Acknowledge your emotions, but don’t let them overpower you.
“When the mind gets heavy, it’s so easy for it to get illogical. And even if it’s heavy for a reason that has nothing to do with other people, it will still try to find a reason to make it for other people. So we have to be aware of these tendencies. Communicate about where you are in your own emotional spectrum because it is a spectrum. Check-in a few times a day about where you’re at. It takes mad power away from it.”
Pausing your mind will lead you to balance.
“We need to realize the mind is just like any other muscle. You are not just going to run a marathon. It’s the same way that the mind has these qualities of compassion, pausing, presence, love – all these things need to be cultivated like a muscle. When I go to these meditation courses, I realize I’m at the mental gym – I’m literally working out my mind to be more balanced. A lot of the pausing is about not speaking. I need a moment to process what I’m feeling.”
Get comfortable with the uncomfortable.
“Your intuition is going to ask you to step outside your comfort zone. It’s going to make you take that action that kind of scares you and shake up your life, but it’s going to lead to better things.”
Maintain your strength by maintaining your inner peace.
“You can be the wisest person in the world, but there will still be ups and downs and moments of loss. Everything is temporary. There are going to be challenging moments in life. What do we do in those moments? All we have is fortifying ourselves internally. Being able to cultivate those qualities of balance so that when the challenging moments come, we can feel okay, but at the same time, we can be supportive of others who have fewer skills than we do.”

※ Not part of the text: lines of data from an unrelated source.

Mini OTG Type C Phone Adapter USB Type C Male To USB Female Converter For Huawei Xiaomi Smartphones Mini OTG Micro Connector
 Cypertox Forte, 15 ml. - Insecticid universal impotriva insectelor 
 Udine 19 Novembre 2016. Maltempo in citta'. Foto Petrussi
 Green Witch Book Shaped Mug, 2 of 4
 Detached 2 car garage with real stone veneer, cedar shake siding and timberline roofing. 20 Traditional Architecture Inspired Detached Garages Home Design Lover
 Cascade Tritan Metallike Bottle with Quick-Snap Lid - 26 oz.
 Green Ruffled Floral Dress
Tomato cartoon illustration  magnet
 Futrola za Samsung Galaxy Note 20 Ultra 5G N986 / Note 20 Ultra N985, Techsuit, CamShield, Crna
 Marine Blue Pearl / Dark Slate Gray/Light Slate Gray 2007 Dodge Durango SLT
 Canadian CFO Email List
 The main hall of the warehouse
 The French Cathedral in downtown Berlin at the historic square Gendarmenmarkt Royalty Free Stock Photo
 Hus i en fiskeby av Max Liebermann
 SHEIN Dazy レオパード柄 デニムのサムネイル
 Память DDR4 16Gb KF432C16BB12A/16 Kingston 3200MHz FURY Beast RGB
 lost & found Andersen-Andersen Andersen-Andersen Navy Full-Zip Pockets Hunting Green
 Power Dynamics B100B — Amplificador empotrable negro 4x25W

Make sure to watch the replay of our conversation with Yung Pueblo here, and watch our IG live with Yung Pueblo here as well. If you are interested in joining more exclusive conversations with trailblazers in the Latine community, be sure you join the AMIGAS online community. It is free and full of nourishing and inspiring content.
About the Author
Chantelle Bacigalupo is #WeAllGrow Latina’s Editorial Staff Writer. She is a Bolivian-American photographer, multimedia journalist, and activist based in Brooklyn, NY. Her work focuses on issues ranging across immigration, social & environmental justice, preserving Indigenous cultures, and reproductive justice. You can read more of her pieces here.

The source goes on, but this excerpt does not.